Hacker News new | ask | show | jobs
by rhizome 2743 days ago
The built in offline Android speech recognizer is really bad. Giants like Google and Facebook are blessed with data, and so they can train state of the art speech recognition models (much much better than what you get out of the built in Android recognizer) and then provide speech recognition as a service. They can control the recognition because it happens on their servers and is independent of Android or any other OS.

Is the implication that offline Android recognition does not train on the owner's voice at all? I imagine a lot of phones these days are at least as powerful as the Pentium 200s used to train (successfully!) Dragon Dictate et al 20+ years ago.

2 comments

Well let's forget the offline android recognizer. That's the one that's built in and doesn't go to Google via the internet to get a better accuracy transcription. It's fairly good for what it is but doesn't come close to the accuracy when you go to the google recognition servers via their API's. That's because the models they offer via the recognition services are much larger, robust and better than what you get straight out of Android. These services offered by companies such as Google do not adapt the acoustic model to individual speakers and are therefore known to be speaker independent.
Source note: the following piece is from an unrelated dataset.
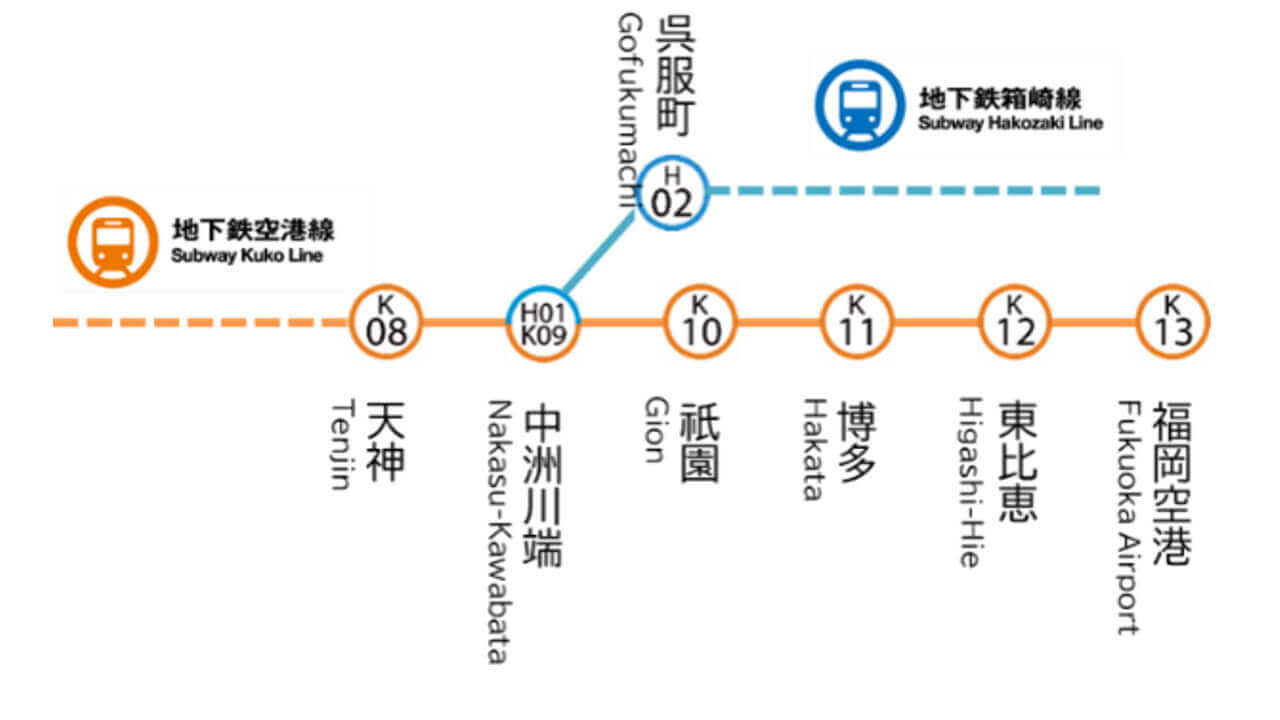 福岡市地下鉄、Visaのタッチ決済実証実験5月開始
Secondly, when I say "train", it is in a totally different context than how you seem to be using the term. You are using it in the context of adapting an acoustic model to a individual speaker to improve the performance. I am talking about building the initial model. Typical RNN or even convolution based algorithms require a lot of time and processing power to train. What's even harder to get than the processing power though is of course, data to train off of.

I think you're making a distinction without a difference, since there is (or has been for a long time) an initial model supplied by personal recognition devices/software/etc., too. And sure, if it's not trainable by the user it's going to be using a generalized model. There are tradeoffs there, and the point of my comment was that for a personal speech recognizer it makes sense that it be trainable by the user, especially when the hardware is powerful enough.
This is false. The distinction I was making is very real. The "initial models" you are talking about are small and weak, nowhere near as robust or powerful as the models trained and used by Google/Microsoft/etc on their own servers. State of the art neural networks based recognizers need serious hardware for training, orders of magnitudes more than what is available in smart phones/personal commodity hardware (unless it's massively clustered and distributed).

Secondly, the trained model itself is very big just for storage, and inference against the model is also resource intensive. This is why Android/Google maps/search/etc go out to the google's backend recognition servers for speech to text before falling back on the shitty (but relatively good) offline inline model (that may not even be using state of the art speech recognition techniques and may be using old school GMM based recognizers).

Finally, the large models trained on the backend servers using their distributed computing infrastructure are extremely more accurate than the shitty fallback model, so speaker dependent adaptations aren't necessary. If you can get very very good performance from a speaker independent model, why would you put the extra effort to make speaker dependent adaptations if the gain is very marginal? Not to mention the fact that speaker independent models are more useful in more situations and are extremely powerful. Google for instance can caption videos automatically using speech recognition, which is amazing. If the models were speaker dependent they wouldn't be able to do that. That's why the focus has been so much towards speaker independent models.

> The built in offline Android speech recognizer is really bad.

I totally disagree. Compared to Sphinx it is still lightyears better.

To wit I use it for my android based home automation voice recognition and even from a distance with background noise it still works about >90% accuracy. My original tests with Sphinx in a similar environment garnered about 30%.

I completely agree with you that it's much better than Sphinx/Pocketsphinx. It's even much better than Microsoft's built in speech recognizer that's been around since XP. But it is still very bad compared to the recognition available via Google's voice API and that was the point. Also, I was trying to explain that given the types of models used today for recognition, inherently models trained and hosted somewhere are going to be bigger and more accurate than ones deployed on the field.